Vancouver lawyer Mason Loh, chair of the College of Traditional Chinese Medicine (TCM) Practitioners and Acupuncturists of British Columbia, hopes that acupuncture needles and Chinese herbal remedies will one day be as familiar to BC patients as physicians' stethoscopes and lab coats. And he may not have long to to wait.
Last December the provincial government approved regulations that establish TCM as an alternative form of primary health care. Such official recognition, says Loh, “will promote public confidence in this ancient but proven form of healing.” (The cost is not covered under medicare.)
The new regulations, now part of BC's Health Professions Act, are the latest step in a regulatory process set in motion in 1999, when the province designated TCM a self-governing health profession. They restrict the practice of TCM to registered members of the new college (www.ctcma.bc.ca). The government says TCM means the “promotion, maintenance and restoration of health and prevention of a disorder, imbalance or disease” based on 5 primary therapies: Chinese acupuncture (Zhen), moxibustion (Jiu) and suction cup (Ba Guan); Chinese manipulative therapy (Tui Na); Chinese energy control therapy (Qi Gong); rehabilitation exercises such as Chinese shadow boxing (Tai Ji Quan); and prescribing, compounding or dispensing Chinese herbal formulas and food cure recipies. Practitioners face several practice restrictions. For instance, “no acupuncturist or herbalist may treat an active serious medical condition unless the client has consulted with a medical practitioner, naturopath or dentist or doctor of traditional Chinese medicine, as appropriate.”

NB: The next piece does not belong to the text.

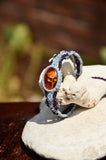 Hand Craved Amber bracelet, Macrame jewelry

Before the regulations take effect, says registrar Randy Wong, the college must set educational requirements for various types of TCM practitioners and create a public complaints process and ethical guidelines. It has already registered 420 acupuncturists, most under a clause that involved assessing existing skills. By June, anyone who wishes to practise acupuncture in BC must be registered with the college. Early in 2002, it expects to begin registering TCM doctors; in all, more than 1000 TCM practitioners will fall under the college umbrella.
However, the province has yet to win over its own physicians, many of whom remain sceptical about TCM. “What's next?” asks Dr. Morris VanAndel, registrar of the College of Physicians and Surgeons of BC. “A college of iridology?”
VanAndel says it is acceptable for physicians to recommend acupuncture or other elements of TCM therapy to complement standard treatment when there is good evidence that it is beneficial. However, he says it is unethical for a doctor to refer a patient directly to any practitioner whose profession — regulated or not — does not conform to modern scientific standards.